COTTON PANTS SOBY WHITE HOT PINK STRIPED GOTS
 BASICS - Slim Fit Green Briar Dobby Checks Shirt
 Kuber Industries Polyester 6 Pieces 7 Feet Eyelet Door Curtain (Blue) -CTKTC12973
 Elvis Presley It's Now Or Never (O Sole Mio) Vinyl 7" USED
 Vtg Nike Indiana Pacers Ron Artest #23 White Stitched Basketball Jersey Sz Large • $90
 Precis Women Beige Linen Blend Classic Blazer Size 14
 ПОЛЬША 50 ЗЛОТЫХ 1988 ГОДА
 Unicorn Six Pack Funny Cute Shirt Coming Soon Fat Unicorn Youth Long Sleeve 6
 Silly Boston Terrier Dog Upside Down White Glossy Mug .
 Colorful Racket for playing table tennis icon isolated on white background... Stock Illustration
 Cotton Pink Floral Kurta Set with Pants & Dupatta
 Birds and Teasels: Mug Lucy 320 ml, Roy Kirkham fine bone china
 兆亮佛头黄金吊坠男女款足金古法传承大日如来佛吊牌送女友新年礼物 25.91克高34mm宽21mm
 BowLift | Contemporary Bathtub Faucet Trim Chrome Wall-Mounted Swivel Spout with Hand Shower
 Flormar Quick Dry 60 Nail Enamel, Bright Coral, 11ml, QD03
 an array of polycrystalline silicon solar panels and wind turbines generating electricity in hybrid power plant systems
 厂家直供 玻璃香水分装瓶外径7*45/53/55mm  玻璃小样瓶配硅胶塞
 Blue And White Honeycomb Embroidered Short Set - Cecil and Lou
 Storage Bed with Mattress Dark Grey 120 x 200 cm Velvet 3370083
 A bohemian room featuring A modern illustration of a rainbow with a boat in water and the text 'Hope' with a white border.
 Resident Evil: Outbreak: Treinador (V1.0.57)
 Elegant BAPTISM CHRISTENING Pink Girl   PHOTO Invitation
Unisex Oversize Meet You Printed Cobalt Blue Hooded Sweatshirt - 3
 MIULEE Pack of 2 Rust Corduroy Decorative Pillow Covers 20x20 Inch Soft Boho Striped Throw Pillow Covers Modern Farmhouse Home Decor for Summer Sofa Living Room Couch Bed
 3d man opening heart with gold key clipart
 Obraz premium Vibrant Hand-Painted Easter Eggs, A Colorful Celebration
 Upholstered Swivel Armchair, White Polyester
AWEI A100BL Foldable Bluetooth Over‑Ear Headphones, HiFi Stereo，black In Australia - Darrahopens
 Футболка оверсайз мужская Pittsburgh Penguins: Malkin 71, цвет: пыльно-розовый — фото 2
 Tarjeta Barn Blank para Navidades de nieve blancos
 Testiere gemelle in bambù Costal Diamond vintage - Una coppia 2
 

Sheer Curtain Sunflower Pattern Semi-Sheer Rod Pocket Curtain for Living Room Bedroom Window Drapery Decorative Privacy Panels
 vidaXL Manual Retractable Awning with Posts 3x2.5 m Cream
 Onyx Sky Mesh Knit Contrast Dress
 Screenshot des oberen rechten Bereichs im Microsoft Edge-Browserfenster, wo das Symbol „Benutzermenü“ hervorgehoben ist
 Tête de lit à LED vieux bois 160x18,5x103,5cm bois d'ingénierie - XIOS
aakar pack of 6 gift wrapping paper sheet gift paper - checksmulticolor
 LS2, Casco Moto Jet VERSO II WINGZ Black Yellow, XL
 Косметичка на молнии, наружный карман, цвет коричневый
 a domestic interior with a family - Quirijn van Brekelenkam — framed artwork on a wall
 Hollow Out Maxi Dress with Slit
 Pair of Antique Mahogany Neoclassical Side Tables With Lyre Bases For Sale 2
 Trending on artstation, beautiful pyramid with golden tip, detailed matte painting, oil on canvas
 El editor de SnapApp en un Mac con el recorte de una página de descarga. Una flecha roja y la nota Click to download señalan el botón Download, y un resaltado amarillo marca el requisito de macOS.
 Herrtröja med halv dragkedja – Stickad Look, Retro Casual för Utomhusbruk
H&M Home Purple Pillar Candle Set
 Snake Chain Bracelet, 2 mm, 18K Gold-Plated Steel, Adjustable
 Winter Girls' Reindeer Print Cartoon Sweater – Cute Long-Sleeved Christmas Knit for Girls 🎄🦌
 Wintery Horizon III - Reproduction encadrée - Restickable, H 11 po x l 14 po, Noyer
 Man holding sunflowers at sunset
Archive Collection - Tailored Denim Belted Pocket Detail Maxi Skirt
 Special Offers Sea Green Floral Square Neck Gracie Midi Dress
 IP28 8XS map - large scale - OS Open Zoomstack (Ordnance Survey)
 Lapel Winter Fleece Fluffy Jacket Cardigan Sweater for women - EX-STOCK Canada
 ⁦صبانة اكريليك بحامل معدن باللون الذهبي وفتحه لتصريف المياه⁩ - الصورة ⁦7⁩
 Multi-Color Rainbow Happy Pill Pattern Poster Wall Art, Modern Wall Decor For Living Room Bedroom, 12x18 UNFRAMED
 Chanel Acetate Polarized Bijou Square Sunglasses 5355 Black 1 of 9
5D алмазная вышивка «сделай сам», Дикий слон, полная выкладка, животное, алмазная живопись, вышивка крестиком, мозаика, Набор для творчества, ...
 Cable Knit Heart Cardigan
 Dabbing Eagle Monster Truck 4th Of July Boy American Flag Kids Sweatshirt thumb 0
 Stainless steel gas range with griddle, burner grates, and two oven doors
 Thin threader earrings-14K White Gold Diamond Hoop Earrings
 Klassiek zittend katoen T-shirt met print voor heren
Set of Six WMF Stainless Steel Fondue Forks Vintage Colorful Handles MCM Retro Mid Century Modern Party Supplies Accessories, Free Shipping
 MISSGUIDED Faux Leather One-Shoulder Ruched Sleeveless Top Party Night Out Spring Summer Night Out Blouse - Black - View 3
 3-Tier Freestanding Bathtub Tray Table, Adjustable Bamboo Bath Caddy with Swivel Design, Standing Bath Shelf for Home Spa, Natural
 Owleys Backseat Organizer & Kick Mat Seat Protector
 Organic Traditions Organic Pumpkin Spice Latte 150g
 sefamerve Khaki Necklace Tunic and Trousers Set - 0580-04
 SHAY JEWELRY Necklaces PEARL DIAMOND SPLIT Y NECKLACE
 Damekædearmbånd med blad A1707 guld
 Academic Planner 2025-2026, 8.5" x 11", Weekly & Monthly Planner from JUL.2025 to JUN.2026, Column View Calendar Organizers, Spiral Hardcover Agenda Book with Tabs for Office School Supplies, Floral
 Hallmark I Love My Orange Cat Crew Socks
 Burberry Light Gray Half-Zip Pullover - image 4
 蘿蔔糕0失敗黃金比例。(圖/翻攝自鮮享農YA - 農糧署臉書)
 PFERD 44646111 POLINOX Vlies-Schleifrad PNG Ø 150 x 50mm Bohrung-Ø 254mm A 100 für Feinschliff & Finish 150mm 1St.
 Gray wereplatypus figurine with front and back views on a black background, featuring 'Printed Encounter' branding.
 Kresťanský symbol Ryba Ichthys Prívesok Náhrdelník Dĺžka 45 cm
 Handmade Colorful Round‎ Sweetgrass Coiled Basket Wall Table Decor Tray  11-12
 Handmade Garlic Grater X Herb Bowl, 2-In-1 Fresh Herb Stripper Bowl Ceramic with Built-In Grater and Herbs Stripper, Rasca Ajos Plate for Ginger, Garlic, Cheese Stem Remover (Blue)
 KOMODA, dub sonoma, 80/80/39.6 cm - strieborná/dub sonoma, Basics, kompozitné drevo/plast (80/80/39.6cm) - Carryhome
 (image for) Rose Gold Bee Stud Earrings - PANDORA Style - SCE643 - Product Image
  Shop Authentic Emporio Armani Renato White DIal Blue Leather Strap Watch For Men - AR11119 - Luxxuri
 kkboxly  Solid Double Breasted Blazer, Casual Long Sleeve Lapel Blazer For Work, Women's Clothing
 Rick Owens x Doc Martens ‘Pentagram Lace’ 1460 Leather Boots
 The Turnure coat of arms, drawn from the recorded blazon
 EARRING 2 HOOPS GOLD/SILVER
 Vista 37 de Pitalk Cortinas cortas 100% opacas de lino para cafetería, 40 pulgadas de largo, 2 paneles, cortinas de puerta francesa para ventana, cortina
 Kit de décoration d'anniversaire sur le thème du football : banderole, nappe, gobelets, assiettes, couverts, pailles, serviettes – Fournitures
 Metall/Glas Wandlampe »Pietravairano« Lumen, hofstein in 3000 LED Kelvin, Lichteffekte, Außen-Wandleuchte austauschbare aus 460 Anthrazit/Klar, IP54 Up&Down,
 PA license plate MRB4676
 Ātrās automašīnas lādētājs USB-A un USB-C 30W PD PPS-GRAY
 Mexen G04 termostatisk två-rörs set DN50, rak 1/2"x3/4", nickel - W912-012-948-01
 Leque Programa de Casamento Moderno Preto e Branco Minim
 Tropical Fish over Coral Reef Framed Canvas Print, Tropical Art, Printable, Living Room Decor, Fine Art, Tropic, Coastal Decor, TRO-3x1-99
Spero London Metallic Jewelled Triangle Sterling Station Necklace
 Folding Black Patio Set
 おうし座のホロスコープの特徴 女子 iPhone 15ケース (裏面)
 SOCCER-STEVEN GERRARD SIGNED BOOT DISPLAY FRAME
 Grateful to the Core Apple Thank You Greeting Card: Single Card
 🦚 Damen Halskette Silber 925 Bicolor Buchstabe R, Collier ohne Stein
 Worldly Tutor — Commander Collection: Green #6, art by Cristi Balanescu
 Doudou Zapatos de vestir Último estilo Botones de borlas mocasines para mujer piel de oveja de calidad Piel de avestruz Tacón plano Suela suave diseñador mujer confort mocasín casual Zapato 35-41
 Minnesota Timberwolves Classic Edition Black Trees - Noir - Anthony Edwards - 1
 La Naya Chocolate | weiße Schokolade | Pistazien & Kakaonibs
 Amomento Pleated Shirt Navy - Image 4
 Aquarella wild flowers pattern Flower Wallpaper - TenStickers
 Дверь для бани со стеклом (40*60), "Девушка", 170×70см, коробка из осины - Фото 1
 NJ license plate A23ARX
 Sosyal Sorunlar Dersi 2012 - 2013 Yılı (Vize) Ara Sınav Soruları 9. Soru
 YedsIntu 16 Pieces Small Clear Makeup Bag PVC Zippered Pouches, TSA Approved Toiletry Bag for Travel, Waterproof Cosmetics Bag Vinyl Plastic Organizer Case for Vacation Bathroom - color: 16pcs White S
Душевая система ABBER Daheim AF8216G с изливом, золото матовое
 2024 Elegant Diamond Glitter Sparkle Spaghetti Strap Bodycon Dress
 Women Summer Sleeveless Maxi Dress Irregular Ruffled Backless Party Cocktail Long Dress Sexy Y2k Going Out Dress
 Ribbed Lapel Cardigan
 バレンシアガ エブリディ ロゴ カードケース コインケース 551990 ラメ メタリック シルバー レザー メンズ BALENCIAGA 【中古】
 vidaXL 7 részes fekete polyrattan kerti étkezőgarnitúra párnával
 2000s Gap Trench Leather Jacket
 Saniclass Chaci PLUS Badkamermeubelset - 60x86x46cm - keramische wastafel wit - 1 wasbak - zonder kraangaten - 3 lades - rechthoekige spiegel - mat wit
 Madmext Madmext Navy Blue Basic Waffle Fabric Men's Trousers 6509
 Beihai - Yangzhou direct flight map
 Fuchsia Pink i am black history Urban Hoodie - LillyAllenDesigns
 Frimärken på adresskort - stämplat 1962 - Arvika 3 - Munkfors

Exercise – Retrieve every line above holding the word "Party".

Exercise solution –
Set of Six WMF Stainless Steel Fondue Forks Vintage Colorful Handles MCM Retro Mid Century Modern Party Supplies Accessories, Free Shipping
 MISSGUIDED Faux Leather One-Shoulder Ruched Sleeveless Top Party Night Out Spring Summer Night Out Blouse - Black - View 3
 Women Summer Sleeveless Maxi Dress Irregular Ruffled Backless Party Cocktail Long Dress Sexy Y2k Going Out Dress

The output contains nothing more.